Jakarta, Aktual.com — Setelah tidak menemukan solusi pada tingkat pemerintah daerah, pertambangan rakyat yang dinaungi konsorsium koperasi membawa permasalahannya ke meja Kementerian Energi dan Sumber Daya Mineral (ESDM).
Bendahara umum konsorsium koperasi, Mansur Latakka menceritakan, sejak mereka menemukan cadangan emas di Pulau Buru yang memiliki potensi kandungan sekitar 1.750 Ton, maka setelah diurus perizinan konsorsium koperasi mendapatkan 10 ha per koperasi sebagai Izin Pertambangan Rakyat (IPR)
“Luas pertambangan yang ditetapkan pemerintah sesuai UU seluas 250 ha, di dalam 250 ini koperasi diberi izin 10 ha per satu koperasi dan ada 5 koperasi, idealnya koperasi harus 25 ha, tapi untuk membentuk koperasi diperlukan modal, makannya kami 5 ha dulu, berati baru 50 ha yang digarap koperasi dari luas area pertambangan 250 ha itu,” kata Mansur di kantor Kementerian ESDM Jakarta, Senin (13/6).
Namun pihak PT Buana Pratama Sejahtera (BPS) yang dimiliki Edi Winata berupaya ingin merampas lahan yang digarap oleh rakyat dengan aksi premanisme dan meneror para pekerja di pertambangan rakyat.
Lahan yang telah digarap oleh rakyat sejak 3 tahun lalu, akhirnya berhenti beroperasi terhitung enam bulan lalu hingga saat ini. Mansur menduga upaya yang dilakukan PT BPS ingin mencaplok lahan pertambangan rakyat yang selanjutnya beralih menjadi Izin Usaha Pertambangan (IUP).

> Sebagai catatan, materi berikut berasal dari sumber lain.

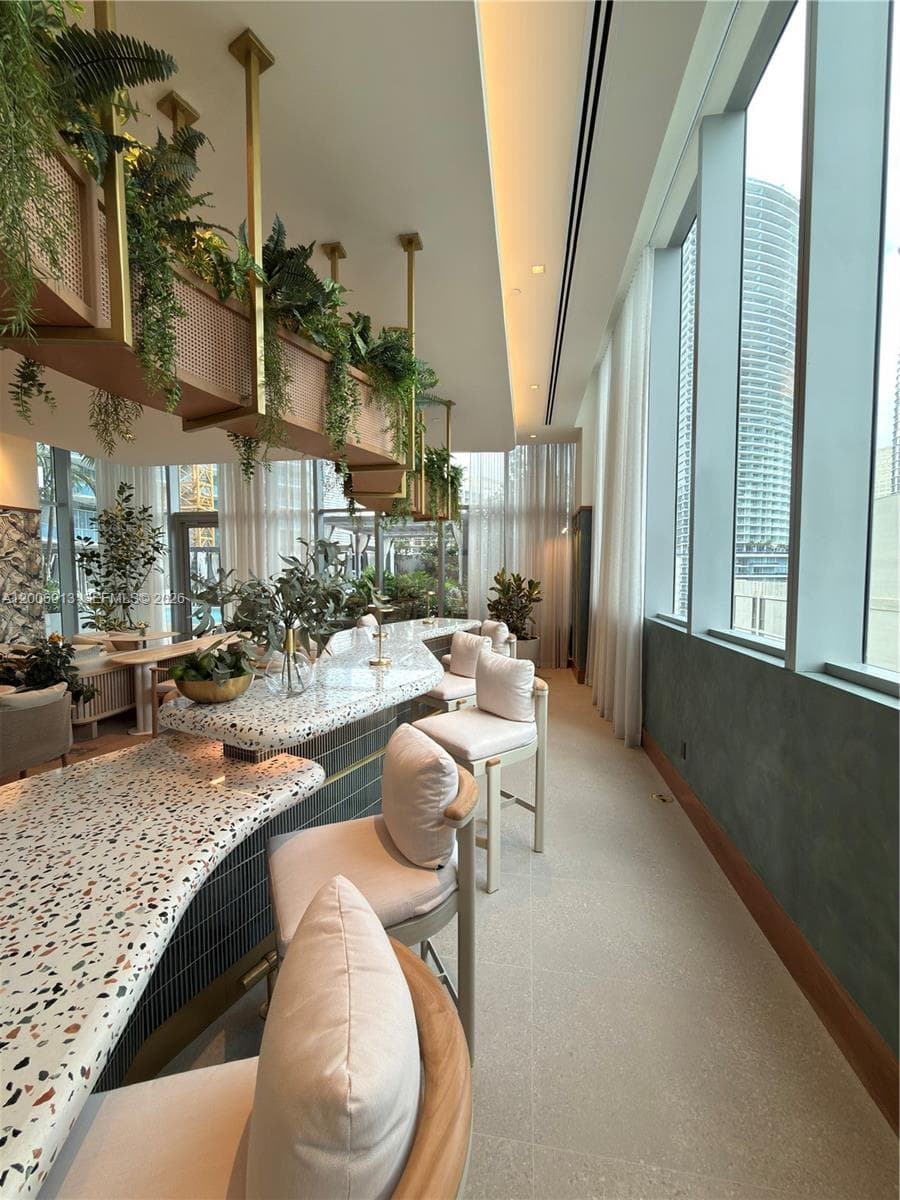 77 SE 5th St # 1602, Miami FL 33131 — 33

‘Mereka ingin mencaplok kita punya wilayah seperti yang terjadi di Freeport, oknum-oknum yang meneror para pekerja dan mencegah kami masuk, mereka di-support BPS dengan finansial mereka yang sangat kuat, mereka juga bergabung dengan China, karena tambang ini menggiurkan untuk dijadikan IUP,” pungkasnya.